Joanna wanted to do trail magic while here so we positioned ourselves next to the trail while we enjoyed lunch. We eagerly awaited the arrival of hikers but only two passed by.
We have seen this pair on and off since Saeid Valley. Andy said hi. The guy ignored him. The woman smiled but said nothing and kept walking.
It’s a shame there aren’t that many hikers around because Joanna brought a cooler full of sodas and beer, two pies, homemade brownies, watermelon, crackers and salami for hikers to enjoy. Something for everyone! Thank you Karen for your contribution as well!
After a filling lunch but uncussessfull trail magic’ing we drove to another turnout.
From here we decided to hike to a high point. And we were so glad we did.
We enjoyed a spectacular view of the entire lake without the crowds.
Is this for real? Are we really seeing this?
Crater Lake really is as blue as pictures suggest. The snow on the surrounding peaks and the clouds added to the drama and beauty.
We stayed at our personal viewpoint for about an hour and left to cache water for the next day.
From Crater Lake there’s a 25 mile waterless stretch and we didn’t want to carry 5 or 6 liters each if we didn’t have to.
We first stopped at a bear box off Highway 209 and it already had water in there. Wow. Thanks to those who maintain it!
We then drove on a dirt road six tenths of a mile north of Highway 138 that also had a big cache. Thank you!
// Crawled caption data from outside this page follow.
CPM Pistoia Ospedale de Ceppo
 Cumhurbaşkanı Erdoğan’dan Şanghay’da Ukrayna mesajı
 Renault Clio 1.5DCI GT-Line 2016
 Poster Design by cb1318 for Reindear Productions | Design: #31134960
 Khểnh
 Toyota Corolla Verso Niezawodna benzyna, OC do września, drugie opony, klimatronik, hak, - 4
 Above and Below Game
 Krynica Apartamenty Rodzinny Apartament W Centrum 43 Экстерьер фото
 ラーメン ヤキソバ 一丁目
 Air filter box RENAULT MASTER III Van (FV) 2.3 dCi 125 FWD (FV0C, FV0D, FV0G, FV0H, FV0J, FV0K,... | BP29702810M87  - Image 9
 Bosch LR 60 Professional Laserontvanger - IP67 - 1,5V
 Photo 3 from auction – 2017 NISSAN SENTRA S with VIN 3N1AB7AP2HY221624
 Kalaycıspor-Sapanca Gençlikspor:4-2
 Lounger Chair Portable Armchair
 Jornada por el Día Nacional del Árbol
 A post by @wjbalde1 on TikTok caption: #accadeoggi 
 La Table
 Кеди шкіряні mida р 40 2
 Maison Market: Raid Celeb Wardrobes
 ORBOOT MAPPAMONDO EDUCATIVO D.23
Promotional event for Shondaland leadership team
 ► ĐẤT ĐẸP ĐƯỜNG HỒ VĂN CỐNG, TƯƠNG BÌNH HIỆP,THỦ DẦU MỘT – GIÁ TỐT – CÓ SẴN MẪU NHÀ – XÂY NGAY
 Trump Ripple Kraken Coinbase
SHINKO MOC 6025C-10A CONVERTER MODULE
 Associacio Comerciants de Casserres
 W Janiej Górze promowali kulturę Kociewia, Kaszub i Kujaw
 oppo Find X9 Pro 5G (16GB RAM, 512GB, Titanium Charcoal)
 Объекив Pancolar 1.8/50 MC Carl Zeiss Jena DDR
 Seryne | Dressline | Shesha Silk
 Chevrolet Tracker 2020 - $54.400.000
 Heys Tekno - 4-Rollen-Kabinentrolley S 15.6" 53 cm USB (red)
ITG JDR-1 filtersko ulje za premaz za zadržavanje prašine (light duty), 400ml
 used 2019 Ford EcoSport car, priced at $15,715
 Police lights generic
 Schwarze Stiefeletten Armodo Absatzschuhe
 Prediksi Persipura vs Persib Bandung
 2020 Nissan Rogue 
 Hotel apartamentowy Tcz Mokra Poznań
We haven’t relied on water caches our entire hike but since we saw these with our own eyes, there aren’t many hikers around, and we’d be there the next day we decided to carry less water to start with from the Rim.
We had attempted to eat watermelon at the previous two stops but the mosquitoes ate us alive. We pulled off at a turnout overlooking Mt Theilsen and cut into the juicy watermelon.
Another motorist pulled in to check his maps and Joanna offered him watermelon. He joined us, standing around a cooler telling us about his JMT hike in the 90’s. Small world.
The drive back to the little town of Prospect was beautiful. The straight highway was lined with tall, green trees.
We arrived back at the motel around six, got cleaned up and were in the dinner hall at 7pm.
Andy still feels self conscious when going out to dinner because he doesn’t have ‘nice’ clothes to wear. He has clean clothes and smells fine, but doesn’t have jeans and a button down shirt – the minimum he feels is acceptable.
We ordered 3 entrees and shared them – prime rib, stuffed pork chop and salmon.
Good food and good company. What more can a hiker ask for?
Actually there is one thing, and we had that too.
Pie for dessert! We both finished our pies (with Andy stealing a few bites of Laurie’s pie) and began packing our packs.
Today was another whirlwind of a day but we enjoyed each others company while getting a lot done. Maybe after hiking 2,000 miles we will figure out how to actually relax on a zero day.
Tonight we are grateful for moments of peace away from crowds and Joanna’s car.